REVIEW: The Solvren Maw: Blooming Rot by Christina J Marais

Written by:

Rating: 2 out of 5.

NO SPOILERS

Synopsis:

The Maw doesn’t recruit.

It devours.

It finds you and takes your mind, then your body, until all that remains is a vessel for its spreading rot and decay.

Sage is a crime scene cleaner for The Coil, an illicit underground syndicate operating in the shadows of New York City under Demian’s command. There, she finds simple purpose laundering money through a bar-front named Velour & Vine and cleaning up the messes left in the Coil’s wake. When a string of corpses begins appearing on their streets, bodies butchered with ritual precision and draped in otherworldly flora, the Coil realizes that something ancient and ferocious has breached their territory.

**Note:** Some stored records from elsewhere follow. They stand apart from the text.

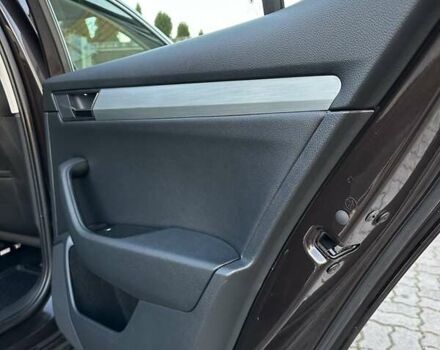 Коричневий Шкода Суперб, об'ємом двигуна 1.97 л та пробігом 197 тис. км за 18750 $, фото 121 на Automoto.ua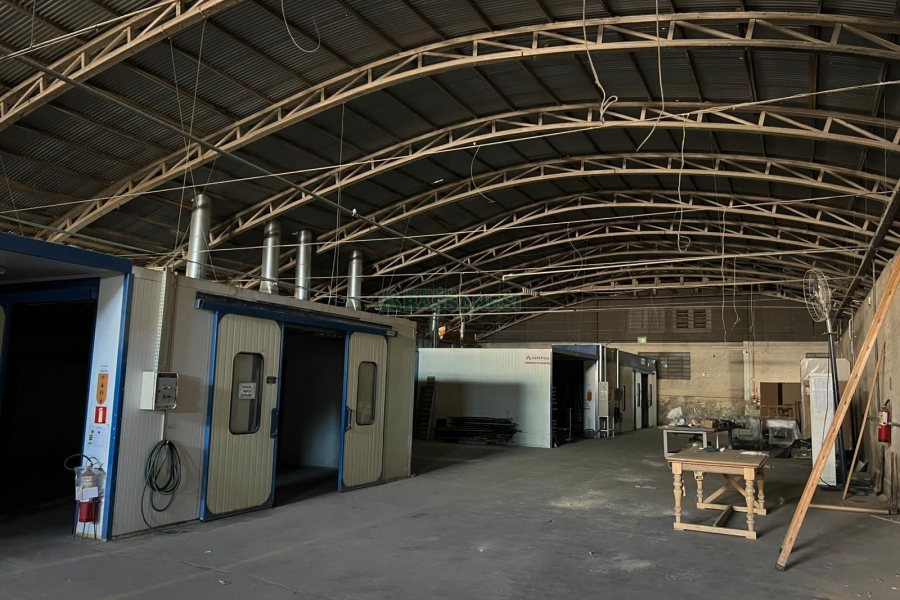 Pavilhão com 2500m², no bairro Sao Gotardo em Flores da Cunha para Alugar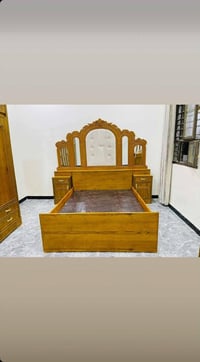 غرفة أم ستة • أبواب صاج • تخت بلاويد أسود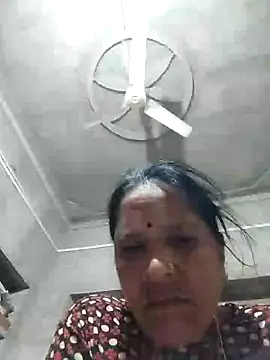 Snapshot of Loomaraj chatting on 20, 6, 2026 Loomaraj online show from 20, 6, 2026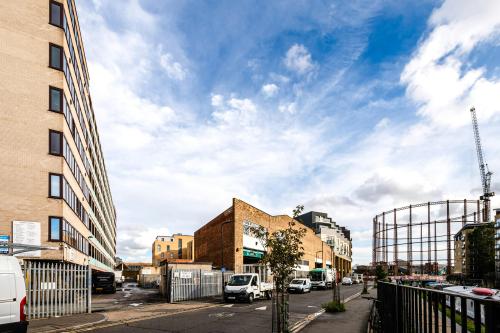 Unit 76 Regent Studios, 8 Andrews Road, London Fields, London, E8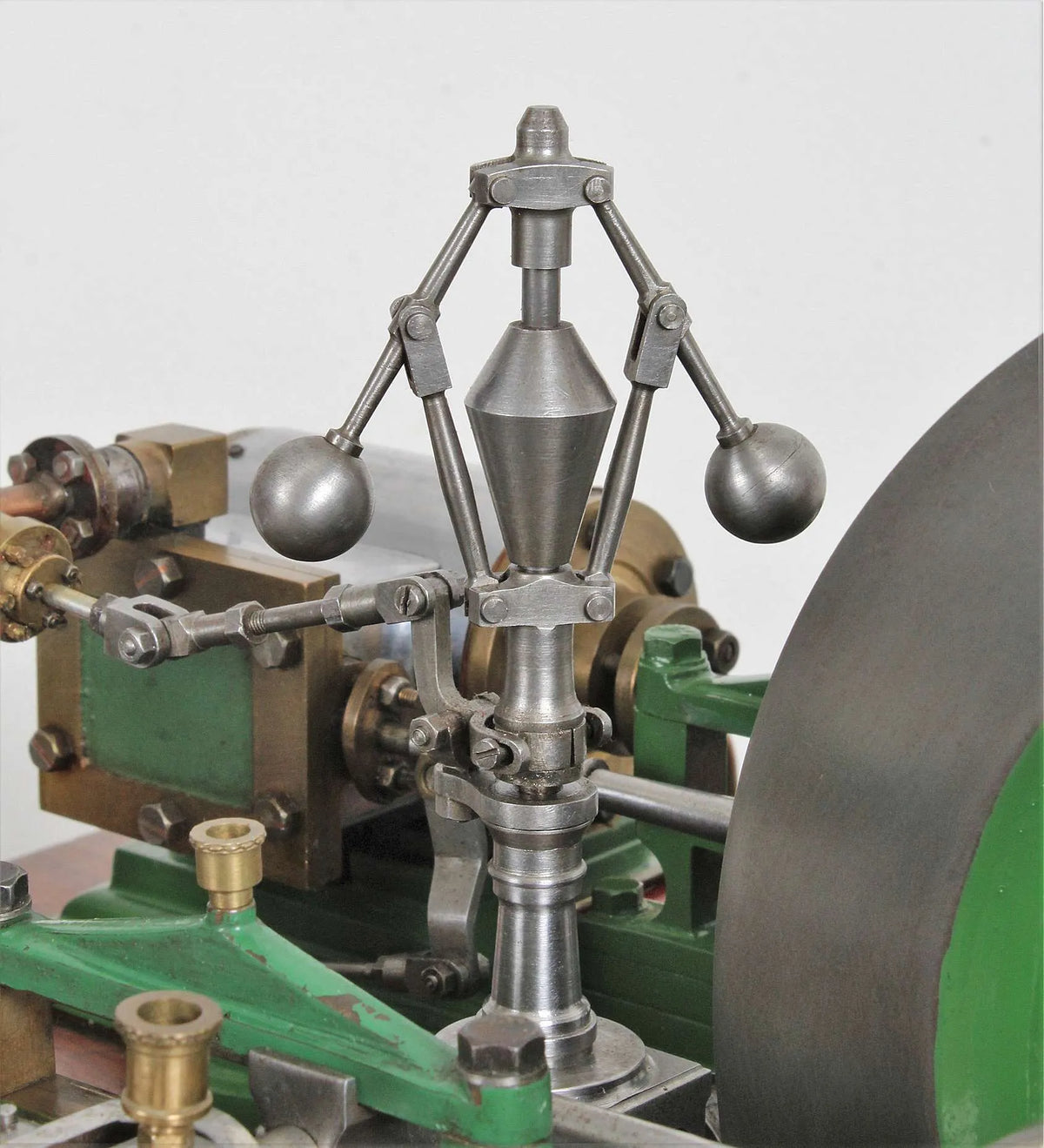 Twin cylinder mill engine
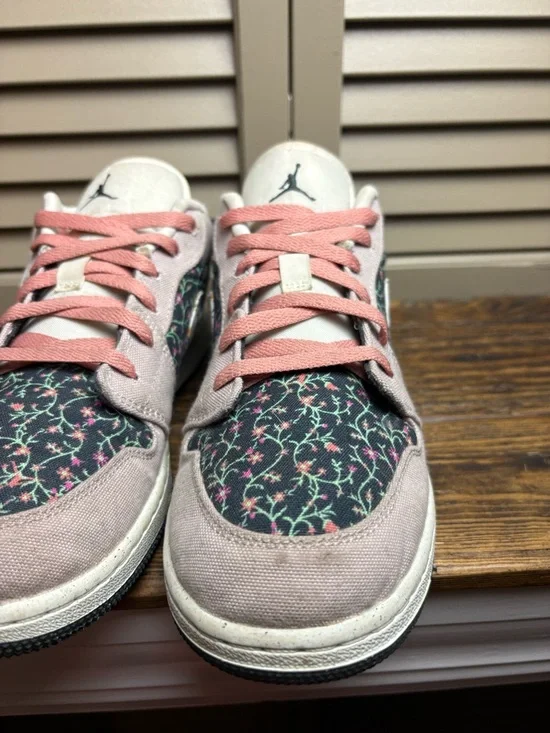 Nike Air Jordan 1 Low SE GS "Canvas Floral 7 Youth - Picture 6 of 10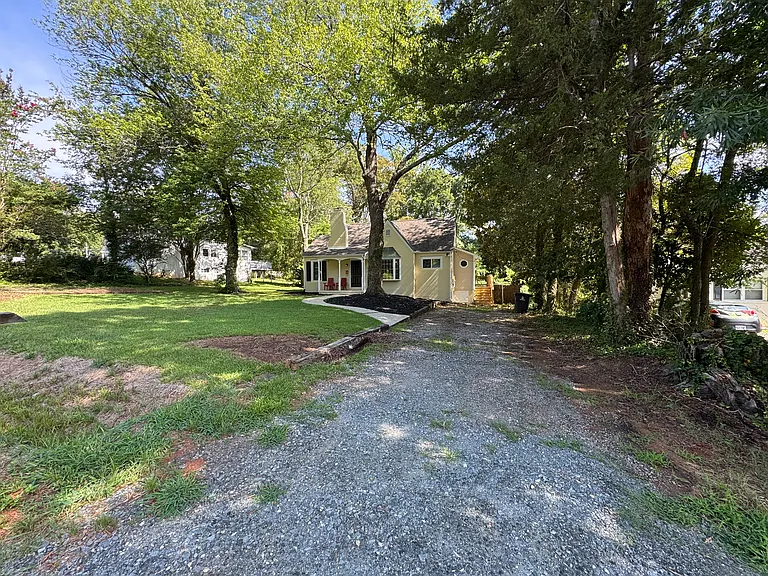 1223 Brookwood Dr — Photo 2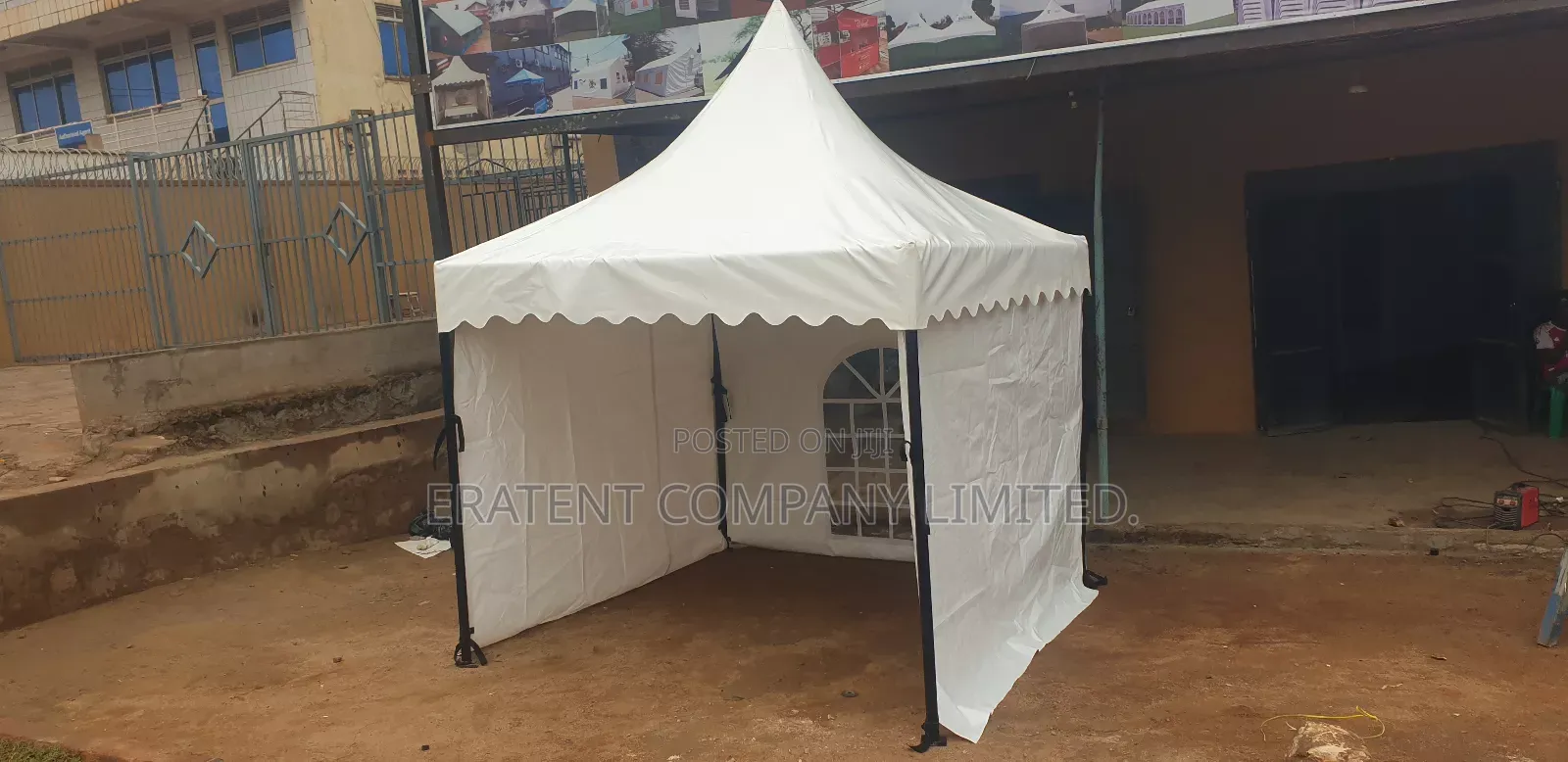 2.5mx2.5m Exhibition Tent In Strong Materials With Side Flaps.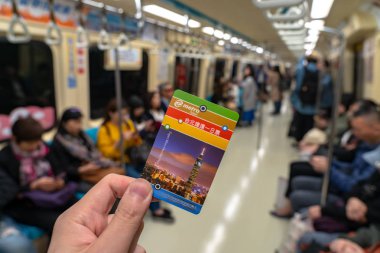 Taipei, Tayvan - 15 Nisan 2019 : Taipei Metrosu'nda metro sistemini kullanarak Bir Günlük Geçiş. Kapılarda taranarak etkinleştirildiğinde, aynı günün sonuna kadar Taipei Metrosu'nda sınırsız seyahat için geçerlidir.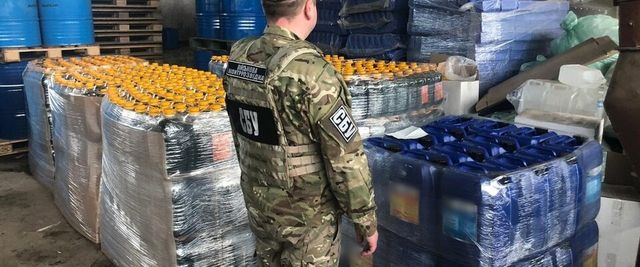 Под Харьковом обнаружено незаконное производство химикатов – конфисковано 50 тонн ядов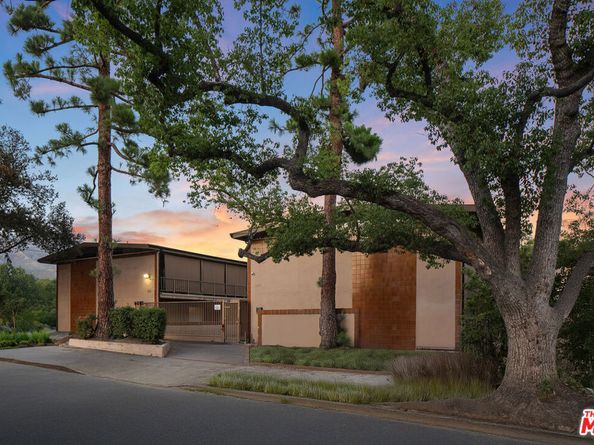 108 N Grand Oaks Avenue, Pasadena CA 91107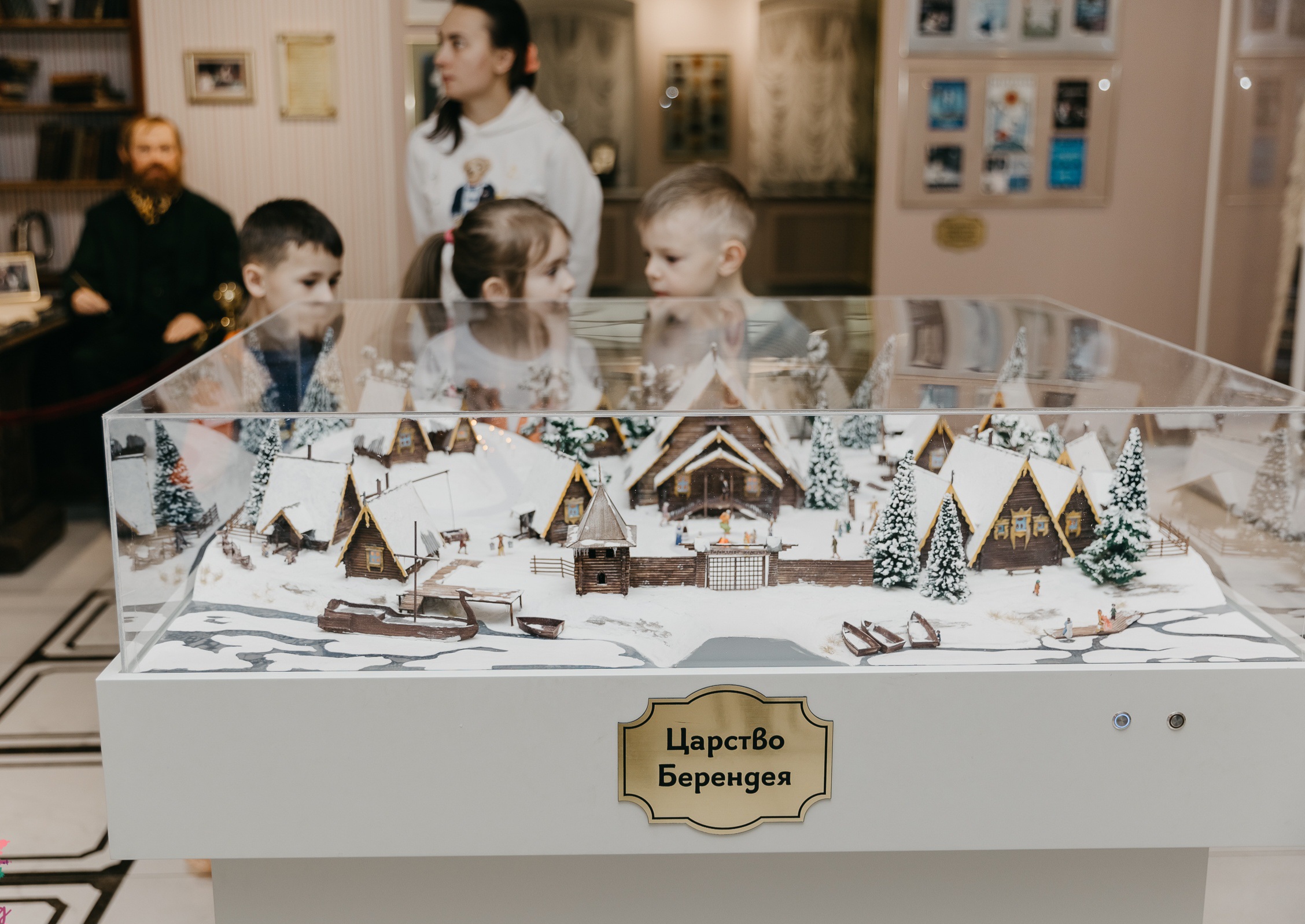 Семейный тур в Кострому  В гости к Снегурочке, 0+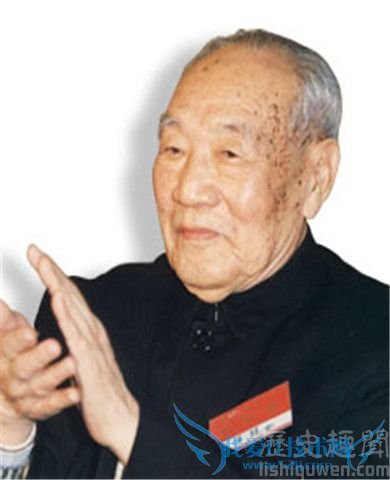 军长侯镜如的简介 侯镜如为何塔山瞎指挥 军长侯镜如的简介 侯镜如为何塔山瞎指挥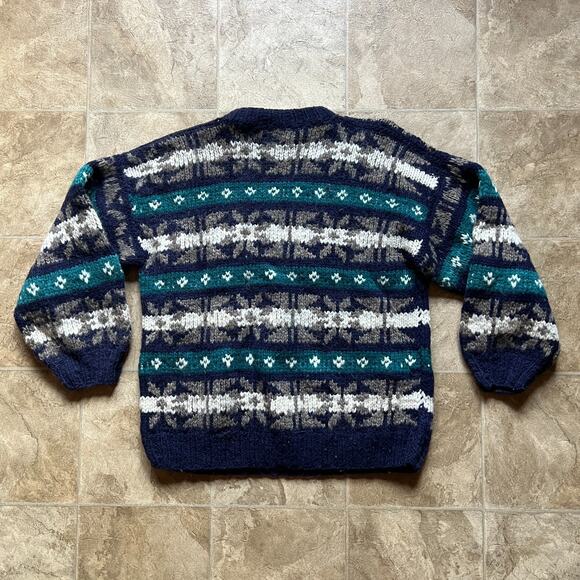 Vintage Handmade Chunky Sweater Fair Isle Scandinavian Holiday Made in Ecuador - Picture 4 of 7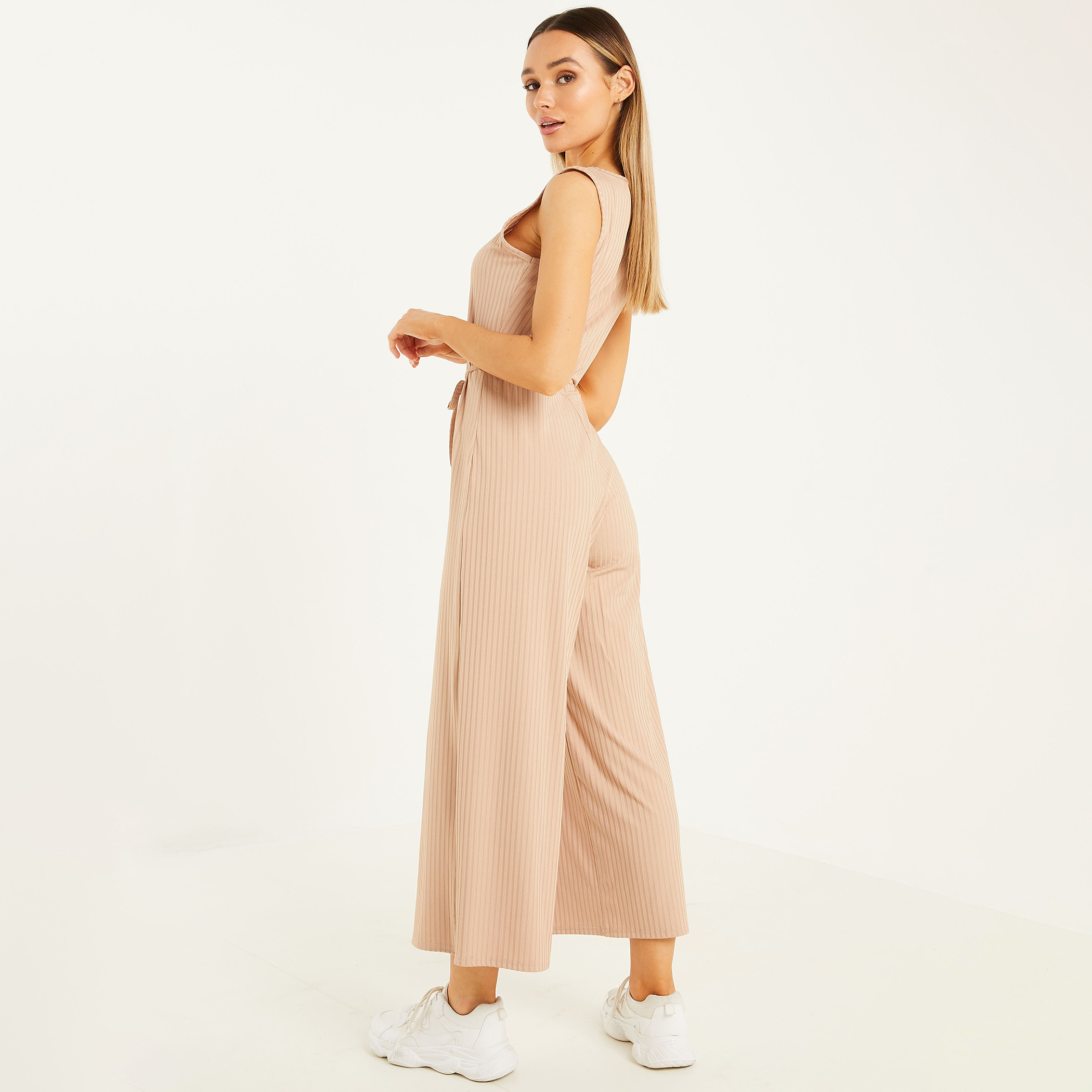  بذلة نسائي بيج مضلع بياقة على شكل وي بدون أكمام وربطة عنق من كويز-women-clothing-jumpsuits-image-2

Answers may lie with DeVille, a man with an elegance that feels more shadow than human. When he arrives at one of the scenes and regards the slaughter with unsettling reverence, Demian makes it clear that DeVille is not someone to be trusted. Yet, Sage feels a pull towards him she can’t explain. The deeper she’s pulled into DeVille’s orbit, the more her loyalties begin to fracture both inside herself and within the Coil.

At the scene of another ritualistic killing, Sage is marked with a strange sigil. Her world distorts into visions and fever, a descent laced with myth, madness, and something worse than death. The deeper she falls, the more she turns to DeVille not just for answers, but for understanding. He sees her darkness not as a flaw to be purged, but as something sacred. Where the Coil offers concern, DeVille offers a mirror. And beneath it all, something ancient is waking.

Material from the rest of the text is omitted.